Consider Postage Rates That Maximize Catalog Circulation and Increase USPS Profitability
The United States Postal Service needs to consider setting catalog postage rates that help both catalogers and itself improve their profitability. The USPS and the Postal Regulatory Commission (PRC) should consider keeping Standard mail rates unchanged for catalogs (and magazines), while actually lowering carrier-route postage. Lowering postage is a novel concept. Why should the USPS consider it?

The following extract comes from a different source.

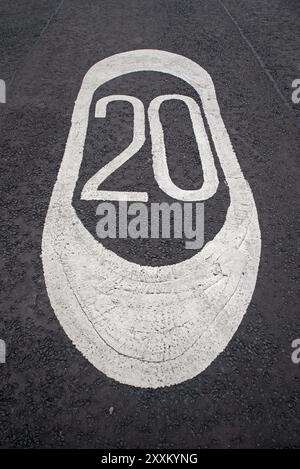 20 km/h Straßenmarkierungen auf einer Straße in Edinburgh, Schottland, Großbritannien. Stockfoto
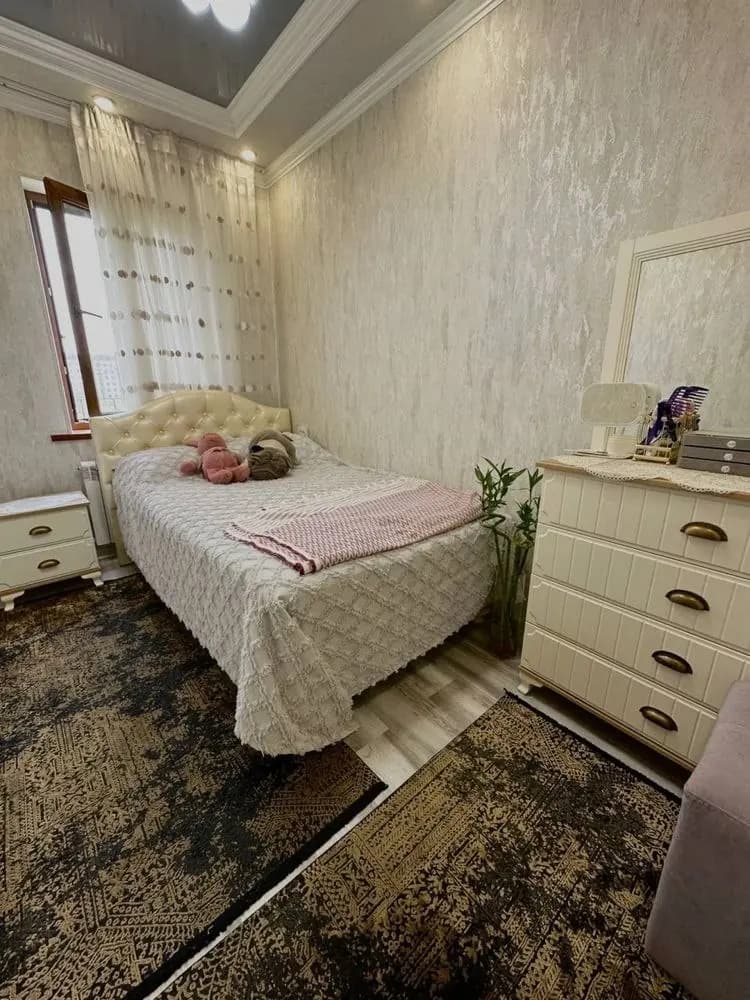 V5741 ПРОДАЕТСЯ 3/8/9 на:Новза Метро #Чиланзарский_район Ор.р:Педогогический Институт — 2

Carrier-route sorted catalogs are a profitable business for the Post Office. Therefore, it should use lower carrier-route postage rates as an incentive to push catalogers and printers to increase the volume of catalogs that flow through co-mail programs and qualify for carrier-route discounts. Printers and catalogers can increase the percentage of mail that’s consolidated and sent using co-mail pools, thereby increasing the percentage of carrier-route mail.
The discounts for carrier-route sortation have spawned an entire co-mail industry that’s shifting costs away from the USPS, creating a win-win situation: the Post Office gets profitable mail and mailers get dramatically lower costs, allowing catalogers to mail more catalogs profitably.
Increasing carrier-route postage savings has already worked to incentivize mailers to find co-mail opportunities. The percentage of catalogs going though the mail system as carrier-route bundles has increased dramatically in the past decade.
And there’s opportunity for increasing the amount of mail that travels as carrier-route bundles because deeper incentives will result in more co-mail pools, and larger and more frequent co-mail pools.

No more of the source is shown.